No-Bake Layered Blueberry Cheesecake (Gluten Free + Paleo)

This no-bake layered blueberry cheesecake is absolutely going to be a new most-liked around here. It’s difficult to resist the rich and creamy cheesecake layers. Most especially once you add the tangy, jammy blueberry topping!

This no-bake layered blueberry cheesecake is made with soaked cashews which helps them blend super easily into the most luxurious, creamy filling you can imagine.
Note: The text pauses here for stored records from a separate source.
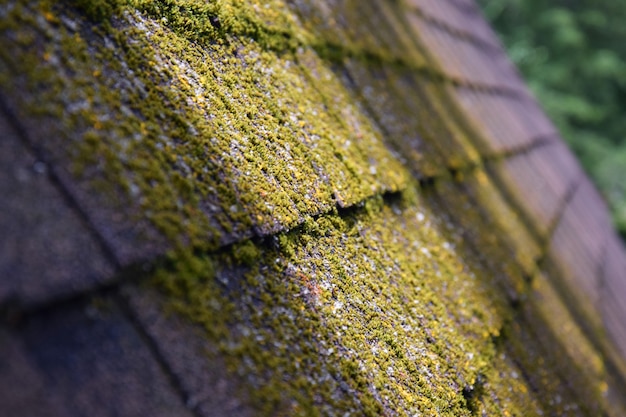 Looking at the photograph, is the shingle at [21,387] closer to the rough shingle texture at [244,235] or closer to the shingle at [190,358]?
the rough shingle texture at [244,235]

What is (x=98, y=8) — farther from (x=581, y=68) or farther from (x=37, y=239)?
(x=581, y=68)

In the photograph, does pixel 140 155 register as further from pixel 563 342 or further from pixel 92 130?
pixel 563 342

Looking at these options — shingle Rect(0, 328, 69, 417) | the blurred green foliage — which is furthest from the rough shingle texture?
the blurred green foliage

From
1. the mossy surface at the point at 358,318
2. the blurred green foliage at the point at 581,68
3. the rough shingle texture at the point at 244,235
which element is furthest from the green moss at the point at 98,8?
the blurred green foliage at the point at 581,68

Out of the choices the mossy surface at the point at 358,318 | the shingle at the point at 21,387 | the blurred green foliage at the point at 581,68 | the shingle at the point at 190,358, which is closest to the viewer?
the shingle at the point at 21,387

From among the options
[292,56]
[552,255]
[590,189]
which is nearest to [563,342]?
[552,255] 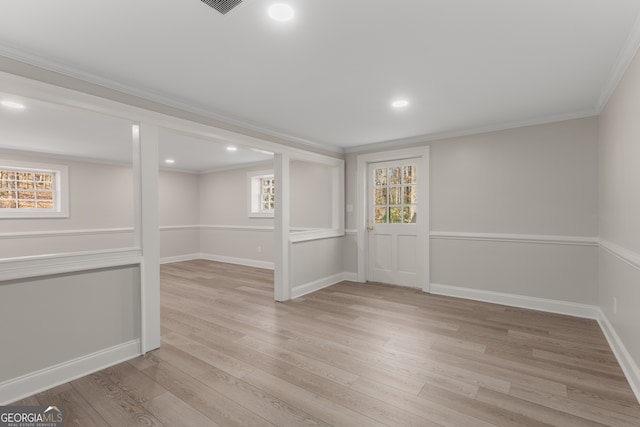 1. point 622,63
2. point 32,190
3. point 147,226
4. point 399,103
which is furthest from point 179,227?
point 622,63

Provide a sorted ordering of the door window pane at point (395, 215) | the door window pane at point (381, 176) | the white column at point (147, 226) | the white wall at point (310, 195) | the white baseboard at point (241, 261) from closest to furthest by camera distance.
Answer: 1. the white column at point (147, 226)
2. the door window pane at point (395, 215)
3. the door window pane at point (381, 176)
4. the white wall at point (310, 195)
5. the white baseboard at point (241, 261)

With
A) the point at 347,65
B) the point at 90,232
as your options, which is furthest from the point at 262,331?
the point at 90,232

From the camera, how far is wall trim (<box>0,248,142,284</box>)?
2.06 m

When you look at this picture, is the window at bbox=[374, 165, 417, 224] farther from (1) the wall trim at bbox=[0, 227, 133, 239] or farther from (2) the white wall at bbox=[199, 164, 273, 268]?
(1) the wall trim at bbox=[0, 227, 133, 239]

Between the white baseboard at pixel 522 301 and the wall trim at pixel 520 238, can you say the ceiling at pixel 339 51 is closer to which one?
the wall trim at pixel 520 238

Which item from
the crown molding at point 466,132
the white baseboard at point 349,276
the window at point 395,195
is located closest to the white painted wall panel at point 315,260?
the white baseboard at point 349,276

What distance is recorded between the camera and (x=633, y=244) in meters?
2.10

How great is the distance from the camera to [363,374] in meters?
2.32

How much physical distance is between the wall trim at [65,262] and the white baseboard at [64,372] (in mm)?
681

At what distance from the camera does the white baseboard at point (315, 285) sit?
14.4 feet

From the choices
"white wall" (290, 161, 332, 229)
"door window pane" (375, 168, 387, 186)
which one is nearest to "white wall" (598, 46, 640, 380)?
"door window pane" (375, 168, 387, 186)

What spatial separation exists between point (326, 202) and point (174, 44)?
12.8 ft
Combined with full-fat canned coconut milk, a bit of coconut oil, maple syrup, lemon juice, and vanilla.

More reason why I love this no-bake layered blueberry cheesecake is that you can store any leftovers in the freezer for a while if you are not serving a crowd.

Always remember It’s important you soak your cashews before you blend them (you can soak overnight or soak them in hot water for 15 minutes before blending). This is because soaking your cashews will give you the creamy consistency you desire for a cashew cheese sauce (instead of a more grainy/chunky sauce which I know you won’t like).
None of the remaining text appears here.